The Reform Party is spreading all kinds of myths, for example that government programs are the cause of large deficits in this country. It is spreading some mistruths in this country, that social programs are a big problem in terms of deficit and debt and unemployment. These things just are not true. It is about time the Reform Party was taken on.
Back in 1992 Statistics Canada issued a report which stated that the debt in this country, some 50 percent, was created by high interest rates; 44 percent of the debt from tax breaks and only 6 percent by government programs. Of that 6 percent only half of that is from social programs.
Yet we have the Reform Party saying that the government has spent too much, there are too many social programs, we need to be cut back and that is the cause of high taxes and high unemployment. That is not true. Statistics Canada said that the biggest cause of debt in this country was high interest rates.
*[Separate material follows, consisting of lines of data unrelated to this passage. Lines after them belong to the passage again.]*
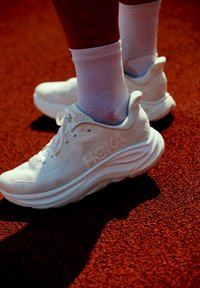 Balti sportiniai bateliai su tekstūruotu tinkliniu viršumi, suapvalintu padu ir HOKA ženklu; avimi su baltais kojinėmis ant rausvo paviršiaus.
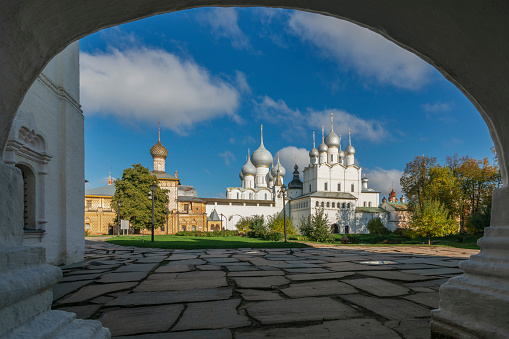 View of the Church of the Resurrection of Christ, the gates to Cathedral Square, the domes of the Assumption Cathedral from Vladychy Dvor of Rostov Kremlin, Rostov the Great, Yaroslavl region, Russia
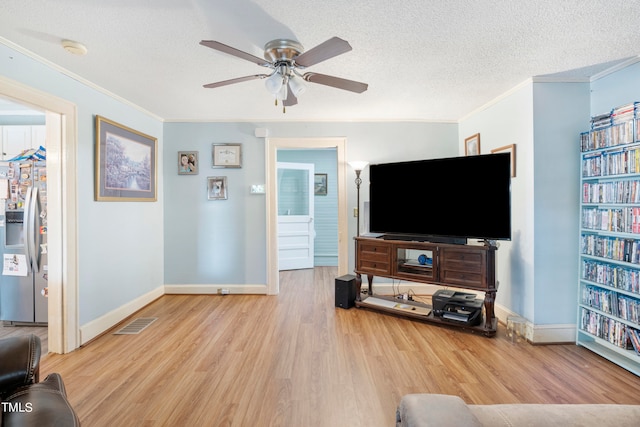 living room with ceiling fan, crown molding, a textured ceiling, and light hardwood / wood-style flooring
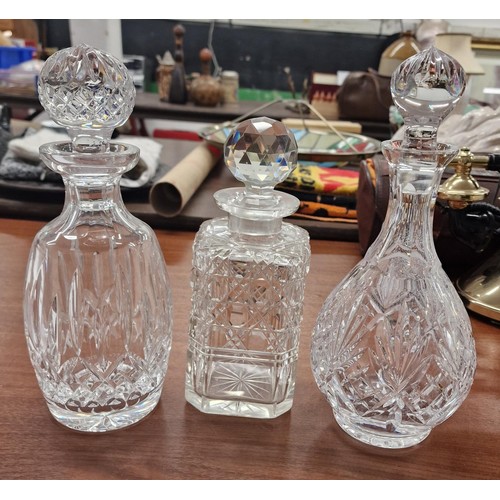 69 - 3 x non matching glass decanters with stoppers- tallest being approximately 10.75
Who brought in high interest rates? Right wing conservatives like the Reform Party. Its friends like Brian Mulroney brought in high interest rates in Canada.
We saw the exact same thing in Saskatchewan with Grant Devine and the Conservatives there. Again, this is the right wing politics of the Reform Party. That is the biggest cause in this country of the debt and deficit.
The other cause is tax breaks primarily to wealthy people and large corporations. Again, those are the kinds of breaks that are defended by the Reform Party in Canada. For those reasons we cannot support today's motion of non-confidence in the government.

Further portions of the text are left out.